[erlang-questions] Why does Erlang have control structures?

Michael Richter ttmrichter@REDACTED
Tue Aug 28 04:50:40 CEST 2012


On 28 August 2012 04:56, Jayson Barley <jayson.barley@REDACTED> wrote:

> I can do the same thing with case statements
>
> is_valid_signal(Signal) ->
>     case Signal of
>         {signal, _What, _From, _To} ->
>             true;
>         {signal, _What, _To} ->
>             true;
>         _Else ->
>             false
>     end.
>
> Becomes
>
> switch_signal({signal, _What, _From, _To}) ->
>     true;
> switch_signal({signal, _What, _To}) ->
>     true;
> switch_signal(_Else) ->
>     false.
>
> is_valid_signal(Signal) ->
>     switch_signal(Signal).
>
>
> I know that the control structures are a little bit faster, not much, but
> I find that the function form is more readable.
>

A case structure is like an *anonymous* function in this.  The use case for
them is the same as the use case for funs.

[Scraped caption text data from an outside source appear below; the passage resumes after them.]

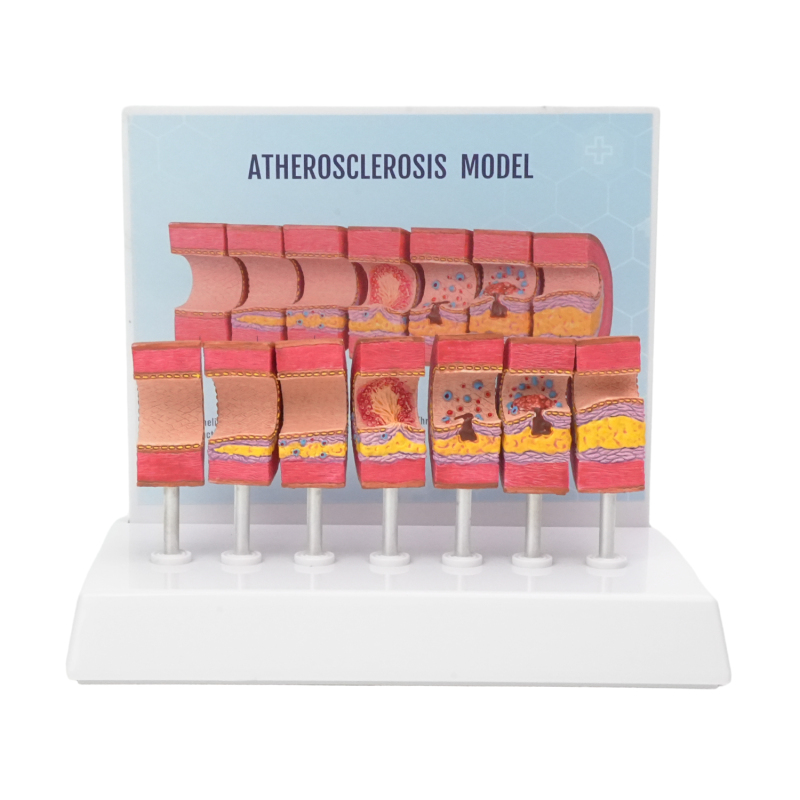 Atherosclerosis Model with 6 Evolutionary Stages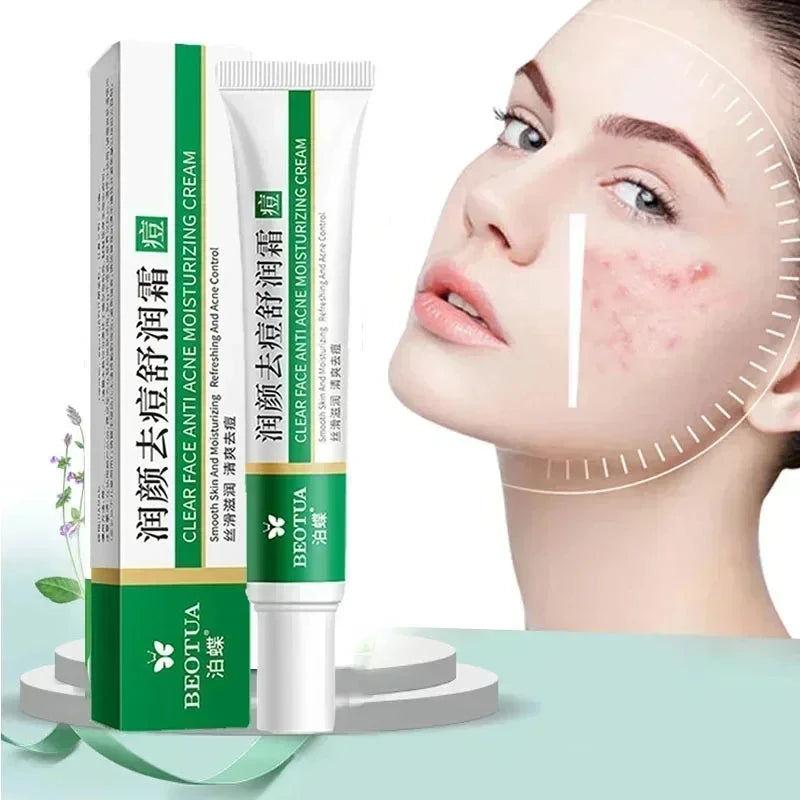 Facial cream with packaging and a woman's face showing acne on a light green background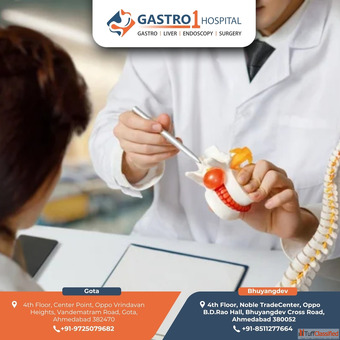 Gastro1 Hospital - Reliable Hernia Doctor in Ahmedabad for Complete Care
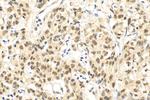METTL3 Antibody in Immunohistochemistry (Paraffin) (IHC (P))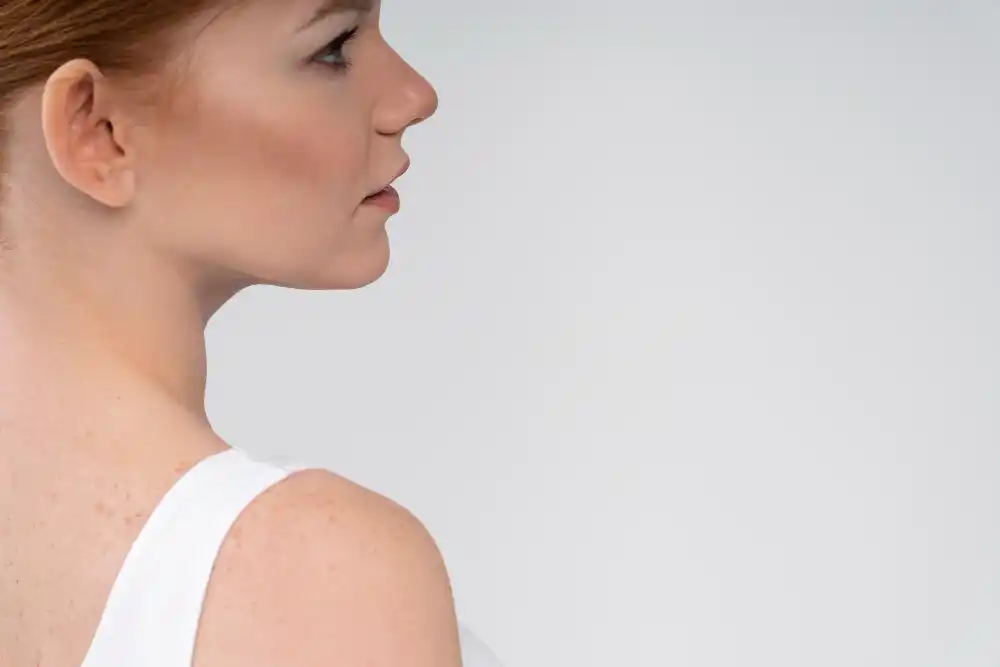 Çene Ucu Estetiği ile Profil Düzeltme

You had to come up with, even in your trivial example, two module-global
symbols: is_valid_signal/1 and switch_signal/1.  Take a non-trivial module,
now, and multiply it by the number of public API functions.  You'll start
getting name clashes as you go on.  For example, with your code above, what
happens if I want to tell a device to change the signal it's sending?  I
can't use switch_signal/1 any longer, so I have to use something like
change_signal/1 instead.  Now I've got two functions, switch_signal/1 and
change_signal/1, that look very similar by name.  I have to dig deeper to
figure out which does what if I'm maintaining the code base.  You could
argue that this is because switch_signal/1 is poorly named, but then it
falls right back into why case structures are useful: they're *anonymous*.
Anonymous constructs (cases, funs, etc.) are quite often very useful.

Further, your version of is_valid_signal/1 has a larger cognitive load.  In
the first case, if I want to know what is_valid_signal does and how it
works, I look up one function.  All the information I need to understand
the function is in one place.  With your solution this is now divided up
into multiple places.  There's more work to decode what's going on.  This
being a trivial function disguises the effect somewhat, but in a larger,
less trivial function this can be an impediment, again, to understanding
the code and reasoning about its behaviour.

-- 
"Perhaps people don't believe this, but throughout all of the discussions
of entering China our focus has really been what's best for the Chinese
people. It's not been about our revenue or profit or whatnot."
--Sergey Brin, demonstrating the emptiness of the "don't be evil" mantra.